Les sanctions prises par Washington contre les géants du pétrole russe Rosneft et Lukoil marquent un tournant de taille dans la politique étrangère américaine. Excédé par la poursuite du conflit en Ukraine et les positions jusqu’au-boutistes de Moscou, le président américain a pris pour la première fois de son mandat des mesures directement axées contre le secteur pétrolier russe, qui risque de perdre à court terme l’accès à plusieurs débouchés de taille, comme les marchés chinois et indien.
Mais ces mesures font ressurgir un problème posé à plusieurs reprises depuis le début de l’invasion à grande échelle de l’Ukraine : comment priver Moscou de la manne qu’il tire de ses ventes de pétrole, vitales pour financer le conflit contre Kiev, sans faire s’envoler les prix du pétrole ?
Maintien des exportations
Le G7 et l’Union Européenne ont implanté dès 2022 une solution à ce casse-tête : imposer un plafond des prix du pétrole transporté sur des navires assurés ou possédés par des entreprises occidentales, hégémoniques dans les domaines de l’assurance et du fret maritime.
Ce système permet de rogner sur les marges que tire Moscou de ses ventes d’or noir à des pays tiers, tout en assurant à ces derniers le maintien de l’accès à une source majeure de pétrole. La Russie a en conséquence mis en place une flotte fantôme, constituée de pétroliers vétustes naviguant sous des pavillons étrangers, lui permettant de continuer de vendre son pétrole à ses propres conditions.

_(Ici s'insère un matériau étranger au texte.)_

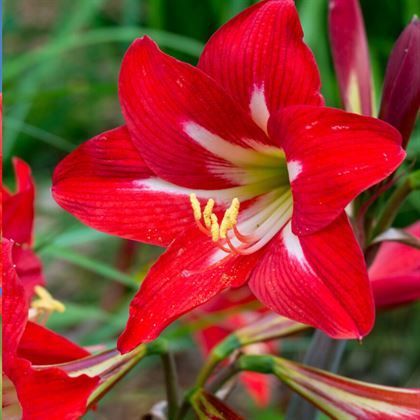 Kırmızı Zambak Çiçeği Amaryllis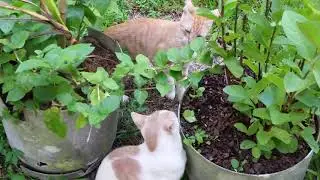 Cats Fighting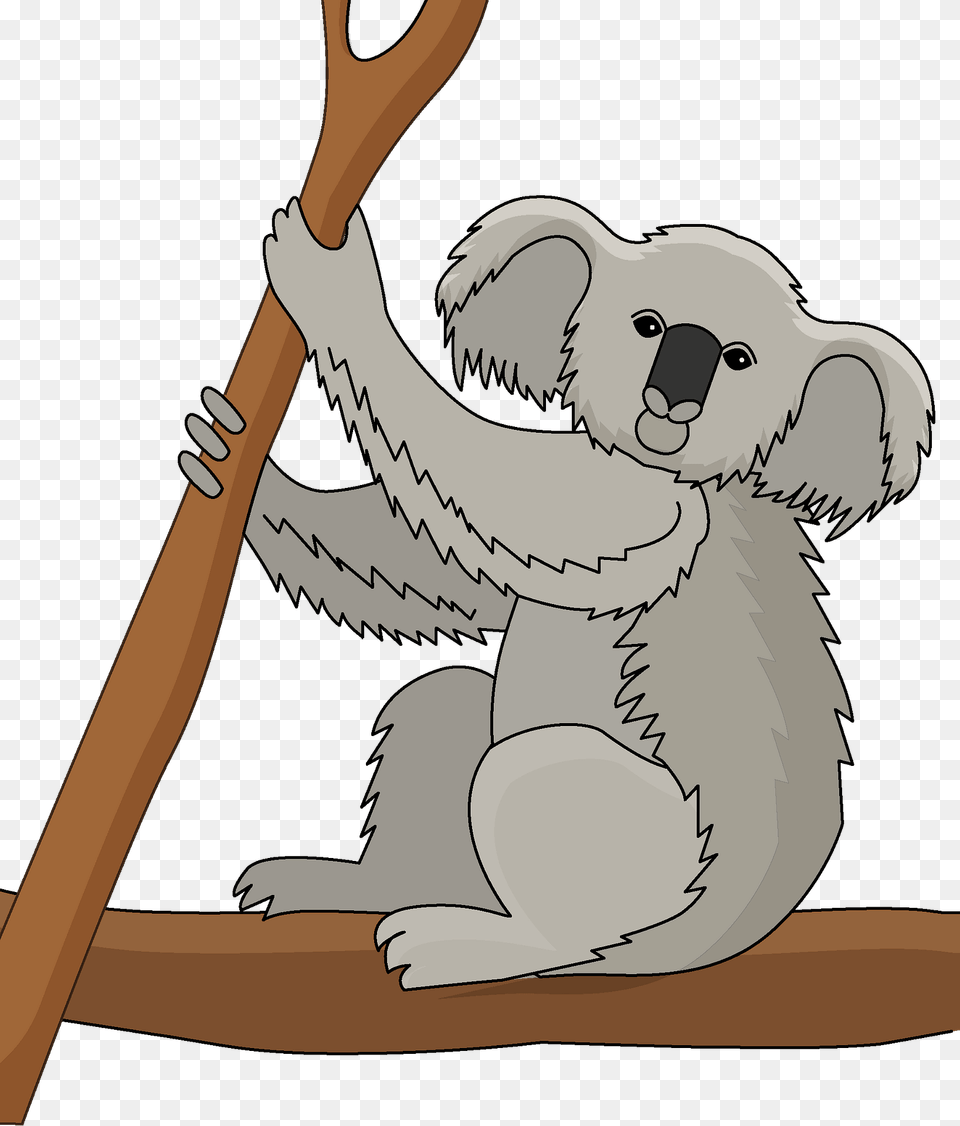 Koala Clipart, Animal, Wildlife, Mammal, Fish Free Transparent Png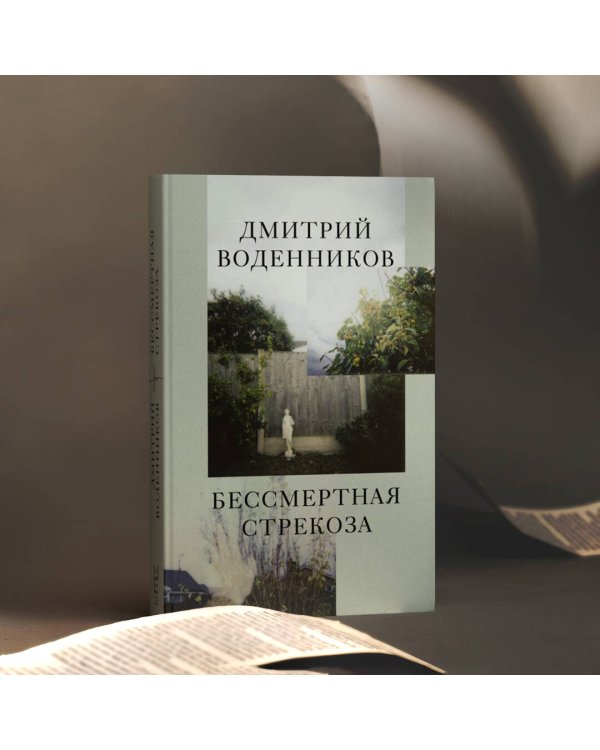 Бессмертная стрекоза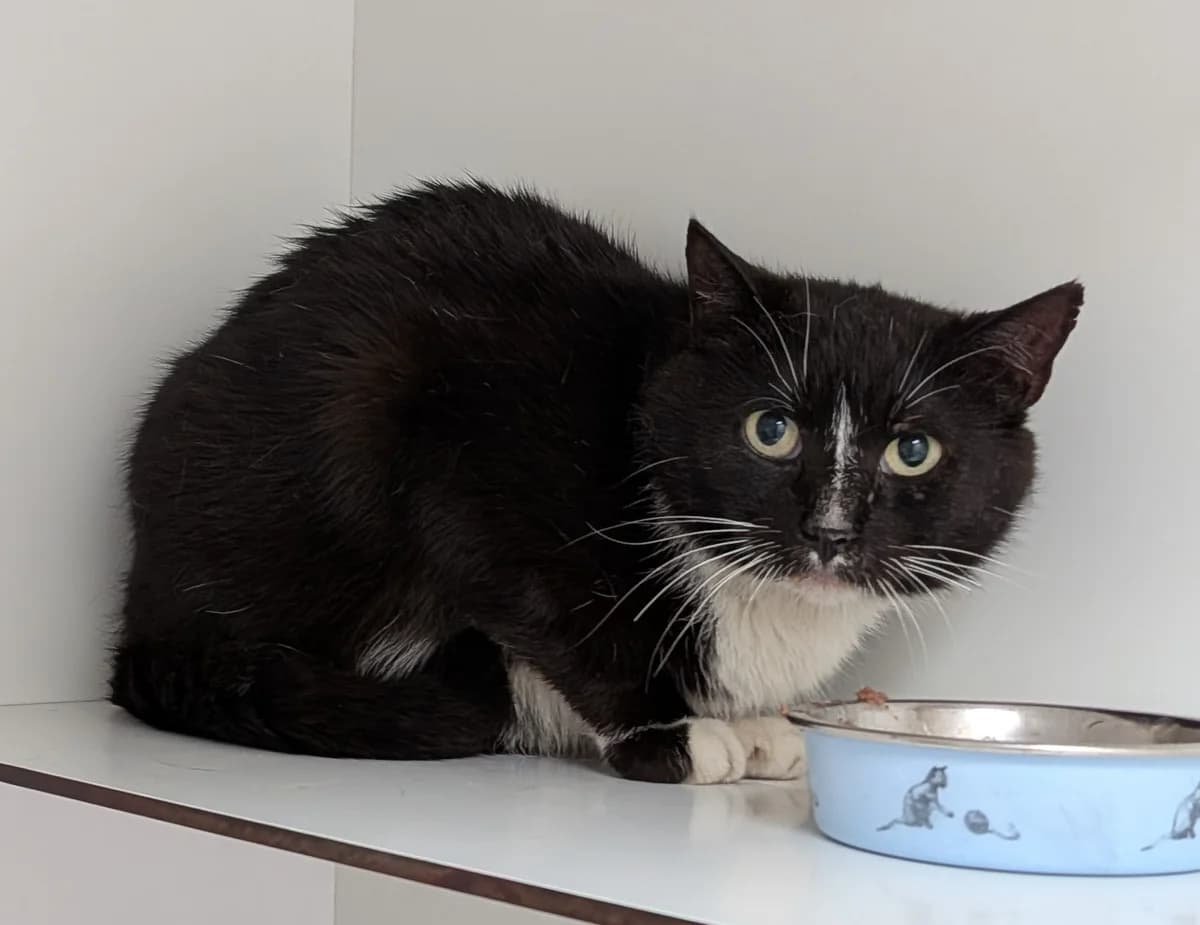 Fortuna,  5yo Mixed Breed for adoption at Dierenasiel De Bevelanden, AE Goes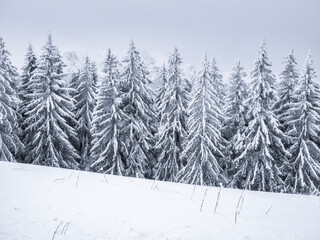 Fototapeta premium Winter landscape with pine trees covered with fresh white snow. Carpathian Mountains in Romania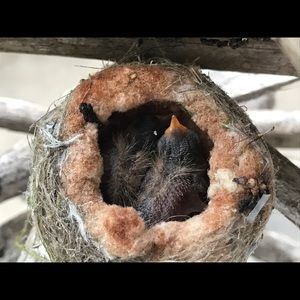 Meet your Posher, Tammy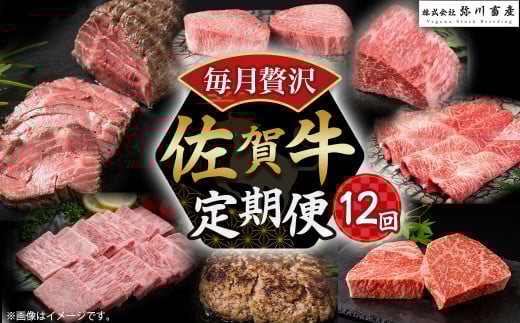 W-1 佐賀牛 毎月贅沢便１２回コース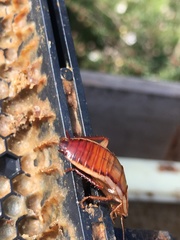 Drymaplaneta heydeniana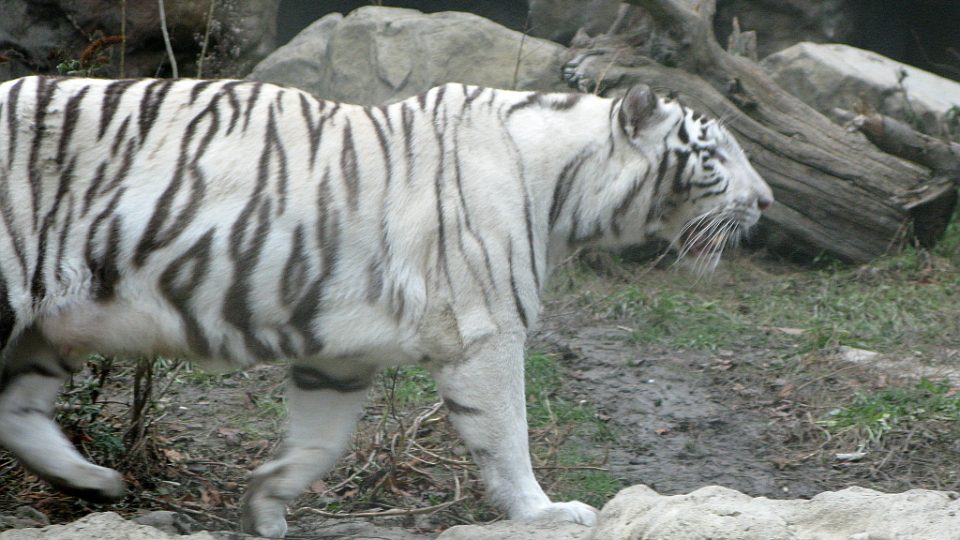 Bílí tygři v Zoo Bratislava (Samir, Surya a matka Shilang v prosinci 2008) Bílí tygři v Zoo Bratislava (Samir, Surya a matka Shilang v prosinci 2008)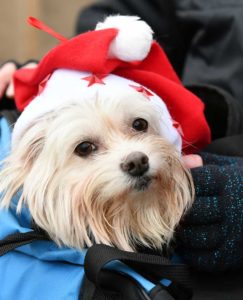 obdachlose-und-ihre-hunde-feiern-mit-frank-zander-im-hotel-4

Ces contre-mesures russes devraient permettre à Moscou de limiter les dégâts causés par les sanctions : selon le Wall Street Journal, les ventes de pétrole devraient se maintenir grâce à l’exploitation accrue de la flotte fantôme et un vaste réseau d’intermédiaires, diminuant les profits que retire Moscou de ses exportations sans pour autant mettre un terme à ces dernières.
Jeu d’équilibriste
Washington dispose pourtant de plusieurs mesures dans son arsenal capables d’augmenter l’impact de son offensive contre le pétrole ruse, tel que la mise en place de sanctions contre des navires identifiés comme faisant partie de la flotte fantôme : seuls 216 pétroliers opérés par Moscou ont été sanctionnés par les États-Unis, contre 550 par l’Union Européenne.
D’autant que les sanctions américaines sont particulièrement efficaces, Washington menaçant régulièrement d’appliquer des mesures de rétorsion contre les entités maintenant des relations avec des entreprises sanctionnées.
Mais ces sanctions ont un coût pour le reste du monde : le prix du baril de Brent, un type de pétrole brut servant de référence, a grimpé suite à l’annonce des sanctions, passant de 61,25 dollars le 21 octobre à 65,54 dollars le 28, selon Boursorama.
Ces chiffres restent bien loin des prix atteints lors des premières semaines de l’invasion de l’Ukraine, le Brent montant à l’époque à plus d’une centaine de dollars le baril. Mais la mise en place d’autres sanctions risque de faire exploser la valeur de l’or noir, en baisse depuis la fin de la guerre des douze jours entre Israël et l’Iran.
Une telle perspective est loin de convenir à Washington, alors que l’inflation était en légère hausse aux États-Unis en septembre, en partie à cause des politiques douanières mises en place par Donald Trump. Elle pourrait peser sur les élections de mi-mandat, dont la campagne s’amorce déjà outre-Atlantique. De quoi donner une marge de manœuvre supplémentaire à la Russie, dont la dépendance aux revenus tirés de ses exportations d’hydrocarbures s’est dramatiquement accrue depuis 2022.